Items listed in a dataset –
================================

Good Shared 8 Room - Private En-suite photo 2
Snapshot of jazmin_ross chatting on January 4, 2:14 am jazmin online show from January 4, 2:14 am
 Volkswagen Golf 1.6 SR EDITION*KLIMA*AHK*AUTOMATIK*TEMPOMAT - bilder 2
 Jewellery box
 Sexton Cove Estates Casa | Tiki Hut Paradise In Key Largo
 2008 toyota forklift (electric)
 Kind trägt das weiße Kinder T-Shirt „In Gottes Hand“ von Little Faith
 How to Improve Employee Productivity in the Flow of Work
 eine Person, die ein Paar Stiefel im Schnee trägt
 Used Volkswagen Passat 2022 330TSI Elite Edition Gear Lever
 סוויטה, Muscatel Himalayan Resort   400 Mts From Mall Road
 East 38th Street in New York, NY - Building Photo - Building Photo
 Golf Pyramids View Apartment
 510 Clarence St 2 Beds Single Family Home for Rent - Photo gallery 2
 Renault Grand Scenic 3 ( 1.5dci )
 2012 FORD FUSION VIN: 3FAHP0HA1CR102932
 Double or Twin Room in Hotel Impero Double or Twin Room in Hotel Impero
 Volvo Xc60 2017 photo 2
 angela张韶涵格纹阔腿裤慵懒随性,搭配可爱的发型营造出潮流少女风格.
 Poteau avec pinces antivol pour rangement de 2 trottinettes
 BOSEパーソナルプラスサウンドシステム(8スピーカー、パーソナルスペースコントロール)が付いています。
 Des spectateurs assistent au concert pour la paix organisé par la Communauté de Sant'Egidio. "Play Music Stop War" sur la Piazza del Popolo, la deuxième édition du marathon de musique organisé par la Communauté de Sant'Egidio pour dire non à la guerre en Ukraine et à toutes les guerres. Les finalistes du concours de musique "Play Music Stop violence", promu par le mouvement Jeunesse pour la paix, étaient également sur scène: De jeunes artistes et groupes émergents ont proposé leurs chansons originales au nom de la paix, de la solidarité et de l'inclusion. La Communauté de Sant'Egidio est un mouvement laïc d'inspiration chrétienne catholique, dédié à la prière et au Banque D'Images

================================

Your goal – Take the line that contains "Volvo Xc60 2017 photo 2" and each line after it through the end of the records, and repeat them all exactly. Nothing else.

Result for this exercise –
 Volvo Xc60 2017 photo 2
 angela张韶涵格纹阔腿裤慵懒随性,搭配可爱的发型营造出潮流少女风格.
 Poteau avec pinces antivol pour rangement de 2 trottinettes
 BOSEパーソナルプラスサウンドシステム(8スピーカー、パーソナルスペースコントロール)が付いています。
 Des spectateurs assistent au concert pour la paix organisé par la Communauté de Sant'Egidio. "Play Music Stop War" sur la Piazza del Popolo, la deuxième édition du marathon de musique organisé par la Communauté de Sant'Egidio pour dire non à la guerre en Ukraine et à toutes les guerres. Les finalistes du concours de musique "Play Music Stop violence", promu par le mouvement Jeunesse pour la paix, étaient également sur scène: De jeunes artistes et groupes émergents ont proposé leurs chansons originales au nom de la paix, de la solidarité et de l'inclusion. La Communauté de Sant'Egidio est un mouvement laïc d'inspiration chrétienne catholique, dédié à la prière et au Banque D'Images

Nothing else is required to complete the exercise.